In the fall of 2020, the new Kaiser Permanente Bernard J. Tyson School of Medicine (KPSOM) opened in Pasadena, California, with an inaugural class of fifty first-year medical students.
Explicit in Kaiser’s decision to launch a new medical school is the belief that traditional medical education compromises the acculturation of new physicians into population-based medicine.
In addition to KPSOM, several other new medical schools are challenging medical education’s orthodoxy. Their curricula promote interdisciplinary and interprofessional team-based care. They emphasize chronic disease management and social interventions that advance health equity. They believe that medical professions should promote health as well as treat disease. They are the future of medicine.

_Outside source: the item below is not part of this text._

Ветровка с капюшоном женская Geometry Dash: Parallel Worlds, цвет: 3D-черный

Entrenched cultures and practices within traditional medical schools have overwhelmed efforts to make medical education more progressive. Like Martin Luther when he challenged the teachings of the Catholic Church in the 1500s, these new medical schools confront a well-established orthodoxy with a new and revolutionary paradigm.
A New Orthodoxy for Medical Education
Medical education is at the epicenter of healthcare transformation. New-era medical schools reject orthodox educational models that emphasize rote learning, condition-based care delivery (heroic medicine) and specialized research. Instead, they are developing curricula, pursuing research and designing programming to meet the broad-based health and healthcare needs of American consumers and communities.

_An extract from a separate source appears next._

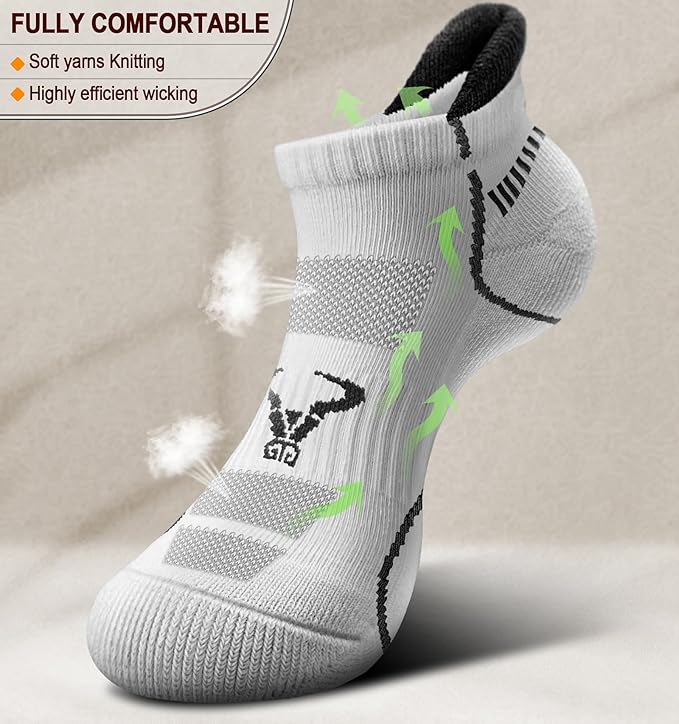 BULLIANT Men Running Socks 6Pairs-Ankle Athletic Socks Wicking Cushioned for Men Walking-Arch Compression Support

This article profiles the following four schools:
- Kaiser Permanente Bernard J. Tyson School of Medicine (Kaiser Permanente SOM);
- Geisinger Commonwealth School of Medicine (Geisinger SOM);
- The University of Houston College of Medicine (Univ. Houston COM); and
- The Whole Health School of Medicine and Health Sciences (Whole Health SOM).

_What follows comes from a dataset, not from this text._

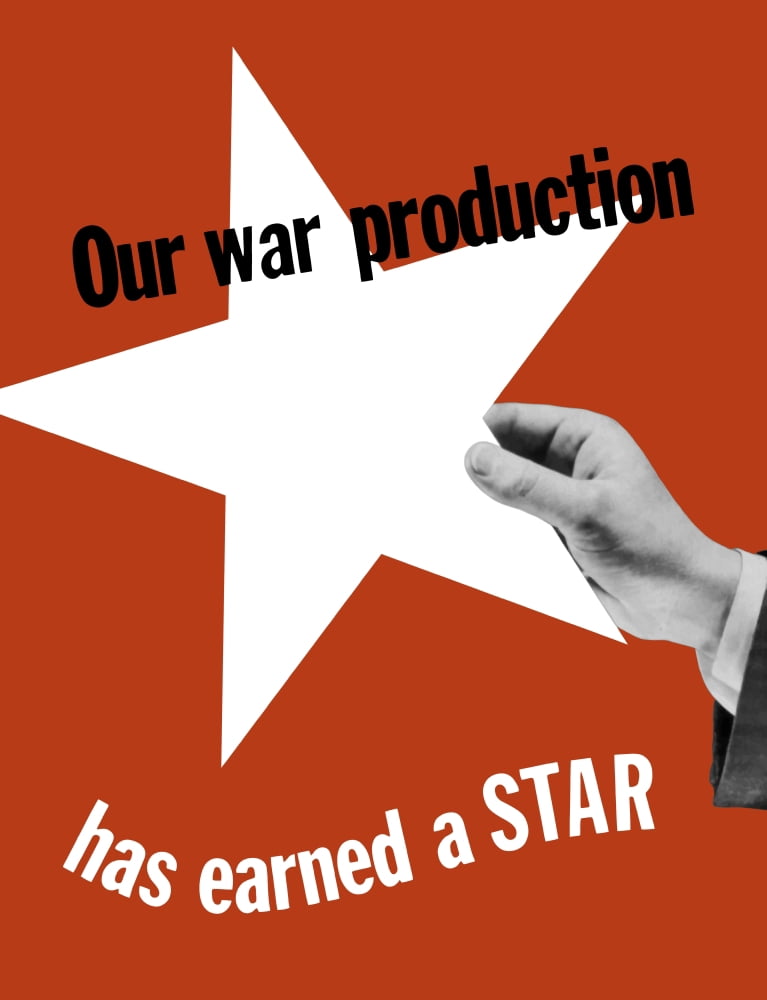 World War II propaganda poster of a hand holding a large white star Canvas Art - John ParrotStocktrek Images (25 x 32)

Both Kaiser and Geisinger Health System have their own large commercial health plans and require high-performing, primary-care physicians to manage the care of its members.*
Although they have developed independently, the schools have learned from one another, adopted similar approaches to medical education and developed innovative models for physician training.
Their collective pedagogies exhibit the following four tenets: 1) practical, active and collaborative learning; 2) deep engagement with patients and communities; 3) holistic approaches to personal health and professional development; and 4) integration of technology, economics and innovation into learning.
Each school articulates a strong, revolutionary mission. As Abbas Hyderi, senior associate dean for medical education at Kaiser Permanente SOM, observes: “We felt this [the new medical school] was an opportunity to shape the future of medical education, and to disseminate change more broadly.”
Kaiser Permanente SOM’s mission is to “provide a world-class medical education that ignites a passion for learning, a desire to serve, and an unwavering commitment to improve the health and well-being of patients and communities.” The school aims to produce graduates focused on person-centered care and health equity, while instilling them with the courage to challenge the status quo in medical education, the medical profession and the healthcare system.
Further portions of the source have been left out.